Belgian theatre director (born 1958)

Ivo van Hove (born 28 October 1958) is a Belgian theatre director. He is known for his Off-Broadway avant-garde experimental theatre productions. For over twenty years, he served as the director of the Toneelgroep Amsterdam. On Broadway, he has directed revival productions of Arthur Miller's A View from the Bridge, and The Crucible, Lee Hall's Network in 2018, and Leonard Bernstein and Stephen Sondheim's West Side Story in 2020. Among his numerous awards he has received a Tony Award and a Laurence Olivier Award for A View from the Bridge. He was made a Knight of the Ordre des Arts et des Lettres in France in 2004, and a Commander in the Order of the Crown in 2016.

==Career==
Born in Heist-op-den-Berg, van Hove began his career as a stage director in 1981, working with plays he had written himself such as Ziektekiemen (Germs) and Geruchten (Rumors). He was artistic manager at AKT, Akt-Vertical and then De Tijd. Between 1990 and 2000 he worked as the director of Het Zuidelijk Toneel. From 2001 to 2023, van Hove was general director of Toneelgroep Amsterdam (the Amsterdam theatre group). He has coordinated productions at the Edinburgh International Festival, the Venice Biennale, the Holland Festival, Theater der Welt, and the Wiener Festwochen. He has directed companies from Hamburg's Deutsches Schauspielhaus, Staatstheater Stuttgart, directed Hedda Gabler, The Little Foxes and Scenes from a Marriage at the New York Theatre Workshop and the award-winning A View from the Bridge at the Young Vic.

Apart from the theatre, van Hove directed Thuisfront for Dutch television; his first cinematic film, Amsterdam, came out in 2009. Van Hove directed the musical Rent for Joop van den Ende. At the Vlaamse Opera, he staged a production of Alban Berg's opera Lulu, as well as the complete Ring Cycle by Richard Wagner (2006–08).

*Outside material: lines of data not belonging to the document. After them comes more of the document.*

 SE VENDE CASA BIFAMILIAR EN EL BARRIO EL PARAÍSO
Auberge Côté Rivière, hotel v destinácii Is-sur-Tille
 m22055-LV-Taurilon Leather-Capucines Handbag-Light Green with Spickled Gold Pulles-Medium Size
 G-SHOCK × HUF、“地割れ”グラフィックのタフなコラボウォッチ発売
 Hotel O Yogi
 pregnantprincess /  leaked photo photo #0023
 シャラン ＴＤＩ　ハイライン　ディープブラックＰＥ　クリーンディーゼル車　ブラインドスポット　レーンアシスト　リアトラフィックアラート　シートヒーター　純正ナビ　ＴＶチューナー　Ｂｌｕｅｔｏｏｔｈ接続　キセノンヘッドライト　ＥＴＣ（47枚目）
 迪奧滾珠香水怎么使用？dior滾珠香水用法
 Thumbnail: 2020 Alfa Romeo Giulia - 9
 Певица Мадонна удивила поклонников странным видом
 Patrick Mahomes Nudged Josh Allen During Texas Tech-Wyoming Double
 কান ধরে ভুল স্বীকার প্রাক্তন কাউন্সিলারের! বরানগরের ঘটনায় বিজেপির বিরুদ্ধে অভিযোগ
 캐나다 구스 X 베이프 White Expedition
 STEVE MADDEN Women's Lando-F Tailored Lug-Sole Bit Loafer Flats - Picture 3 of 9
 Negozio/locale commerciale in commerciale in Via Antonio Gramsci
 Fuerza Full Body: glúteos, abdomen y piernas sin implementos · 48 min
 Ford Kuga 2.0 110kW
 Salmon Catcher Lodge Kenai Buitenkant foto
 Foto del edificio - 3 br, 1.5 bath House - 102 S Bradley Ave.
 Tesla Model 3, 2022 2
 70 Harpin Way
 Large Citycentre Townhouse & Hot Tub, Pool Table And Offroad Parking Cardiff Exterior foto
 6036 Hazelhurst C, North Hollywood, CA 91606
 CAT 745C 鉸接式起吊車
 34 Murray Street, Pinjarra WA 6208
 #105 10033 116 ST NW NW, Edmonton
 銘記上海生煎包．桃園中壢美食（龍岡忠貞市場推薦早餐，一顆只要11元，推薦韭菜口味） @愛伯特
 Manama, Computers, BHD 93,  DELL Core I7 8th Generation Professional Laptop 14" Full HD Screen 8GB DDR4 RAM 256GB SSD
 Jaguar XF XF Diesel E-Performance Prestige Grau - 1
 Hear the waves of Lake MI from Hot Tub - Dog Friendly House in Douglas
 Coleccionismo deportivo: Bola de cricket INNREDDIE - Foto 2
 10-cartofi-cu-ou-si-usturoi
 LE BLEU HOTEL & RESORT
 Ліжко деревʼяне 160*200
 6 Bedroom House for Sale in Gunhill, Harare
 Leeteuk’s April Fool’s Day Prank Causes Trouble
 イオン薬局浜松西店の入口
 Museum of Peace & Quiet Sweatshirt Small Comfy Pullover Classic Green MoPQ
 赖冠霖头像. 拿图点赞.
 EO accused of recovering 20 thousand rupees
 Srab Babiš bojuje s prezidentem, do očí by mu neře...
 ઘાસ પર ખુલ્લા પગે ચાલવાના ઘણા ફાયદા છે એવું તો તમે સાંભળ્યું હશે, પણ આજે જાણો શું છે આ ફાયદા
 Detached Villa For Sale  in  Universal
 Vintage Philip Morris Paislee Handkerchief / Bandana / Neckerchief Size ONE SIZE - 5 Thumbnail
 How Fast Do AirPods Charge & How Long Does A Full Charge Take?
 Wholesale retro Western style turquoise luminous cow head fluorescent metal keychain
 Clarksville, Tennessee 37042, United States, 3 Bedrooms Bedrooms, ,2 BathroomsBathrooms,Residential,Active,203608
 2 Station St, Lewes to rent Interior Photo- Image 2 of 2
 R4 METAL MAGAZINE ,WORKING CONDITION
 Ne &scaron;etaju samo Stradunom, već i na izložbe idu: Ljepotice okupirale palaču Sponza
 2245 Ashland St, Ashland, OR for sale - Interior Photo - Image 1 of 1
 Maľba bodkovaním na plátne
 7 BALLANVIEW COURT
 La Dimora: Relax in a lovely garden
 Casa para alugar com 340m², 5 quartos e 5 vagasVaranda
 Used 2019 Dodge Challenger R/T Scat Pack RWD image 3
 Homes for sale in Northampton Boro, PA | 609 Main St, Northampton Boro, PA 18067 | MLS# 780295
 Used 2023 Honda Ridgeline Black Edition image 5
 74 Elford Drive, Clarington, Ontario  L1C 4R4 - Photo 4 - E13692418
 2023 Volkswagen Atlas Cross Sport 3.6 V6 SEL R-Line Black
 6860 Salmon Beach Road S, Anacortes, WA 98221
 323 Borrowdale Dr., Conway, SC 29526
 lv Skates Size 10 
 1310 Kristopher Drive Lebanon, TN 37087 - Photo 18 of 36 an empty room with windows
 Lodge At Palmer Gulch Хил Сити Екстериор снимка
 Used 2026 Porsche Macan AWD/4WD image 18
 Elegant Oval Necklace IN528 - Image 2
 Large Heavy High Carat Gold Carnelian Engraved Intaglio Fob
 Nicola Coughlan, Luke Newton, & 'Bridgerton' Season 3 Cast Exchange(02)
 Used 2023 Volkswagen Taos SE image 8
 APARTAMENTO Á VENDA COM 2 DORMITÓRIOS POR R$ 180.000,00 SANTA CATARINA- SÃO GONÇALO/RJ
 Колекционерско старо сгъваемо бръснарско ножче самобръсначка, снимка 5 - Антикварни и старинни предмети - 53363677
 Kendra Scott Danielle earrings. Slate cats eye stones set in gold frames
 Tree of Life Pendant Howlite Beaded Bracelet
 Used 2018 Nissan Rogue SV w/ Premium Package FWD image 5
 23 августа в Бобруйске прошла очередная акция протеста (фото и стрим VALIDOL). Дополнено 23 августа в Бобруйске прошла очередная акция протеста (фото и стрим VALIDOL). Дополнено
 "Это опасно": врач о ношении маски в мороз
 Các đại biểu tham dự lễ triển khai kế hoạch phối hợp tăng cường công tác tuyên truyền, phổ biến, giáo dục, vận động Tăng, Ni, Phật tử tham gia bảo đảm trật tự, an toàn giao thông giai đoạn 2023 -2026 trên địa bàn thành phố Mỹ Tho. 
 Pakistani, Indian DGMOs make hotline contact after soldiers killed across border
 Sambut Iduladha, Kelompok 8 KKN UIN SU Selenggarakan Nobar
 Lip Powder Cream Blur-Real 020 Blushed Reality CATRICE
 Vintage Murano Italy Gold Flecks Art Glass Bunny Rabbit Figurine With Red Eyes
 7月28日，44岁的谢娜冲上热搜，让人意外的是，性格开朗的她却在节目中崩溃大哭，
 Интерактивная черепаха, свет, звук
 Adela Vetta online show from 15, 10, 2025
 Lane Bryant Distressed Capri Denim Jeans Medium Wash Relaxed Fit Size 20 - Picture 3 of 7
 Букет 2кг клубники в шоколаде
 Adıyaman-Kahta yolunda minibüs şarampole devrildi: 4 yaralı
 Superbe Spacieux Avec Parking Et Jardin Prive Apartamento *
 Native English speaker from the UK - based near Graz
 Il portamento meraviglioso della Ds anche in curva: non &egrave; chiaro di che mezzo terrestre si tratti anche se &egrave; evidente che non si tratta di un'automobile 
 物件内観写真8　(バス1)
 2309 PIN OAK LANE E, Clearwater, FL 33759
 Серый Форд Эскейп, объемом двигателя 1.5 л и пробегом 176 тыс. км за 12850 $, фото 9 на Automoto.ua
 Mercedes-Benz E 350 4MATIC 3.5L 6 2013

He put on a production of Janáček's De Zaak Makropoulos, and Tchaikovsky's Iolanta for the De Nederlandse Opera in Amsterdam. From 1998 until 2004, van Hove was festival manager of the Holland Festival, where he presented an annual selection of international theatre, music, opera and dance.

From 2001 to 2023, he was the general director of Internationaal Theater Amsterdam (formerly known as Toneelgroep Amsterdam), the prime theatre company of The Netherlands and the official municipal theatre company of Amsterdam. Van Hove's international focus explains why the company has been invited by international festivals such as Ruhrtriennale, Vienna Festival, the Edinburgh Festival and Festival d'Avignon, and performs in the United States, Russia and Australia, and why well-known directors such as Christoph Marthaler, Krzysztof Warlikowski, Johan Simons, Thomas Ostermeier, Luk Perceval, Simon Stone and Katie Mitchell have joined the troupe as guest directors. For Toneelgroep Amsterdam van Hove has directed Angels in America by Tony Kushner, the marathon performance Roman Tragedies (based on Shakespearean works), Opening Night by John Cassavetes, Rocco and his Brothers by Luchino Visconti, and Teorema (based on the work of Pier Paolo Pasolini, in partnership with the Ruhrtriennale), Antonioni-Project in tribute to Michelangelo Antonioni, La voix humaine (The Human Voice) by Jean Cocteau, Summer Trilogy in tribute to Carlo Goldoni, Children of the Sun by Maxim Gorky, The Miser by Molière, Scenes from a Marriage, Cries and Whispers and After the Rehearsal / Persona by Ingmar Bergman, And We'll Never Be Parted by Jon Fosse, The Russians! by Tom Lanoye, based on Chekhov's Ivanov & Platanov plays, The Fountainhead by Ayn Rand, Mary Stuart by Friedrich Schiller, Kings of War (based on Henry V, Henry IV, Part 2, Henry VI, and Richard III by William Shakespeare), The Hidden Force by Louis Couperus and The Other Voice by Ramsey Nasr.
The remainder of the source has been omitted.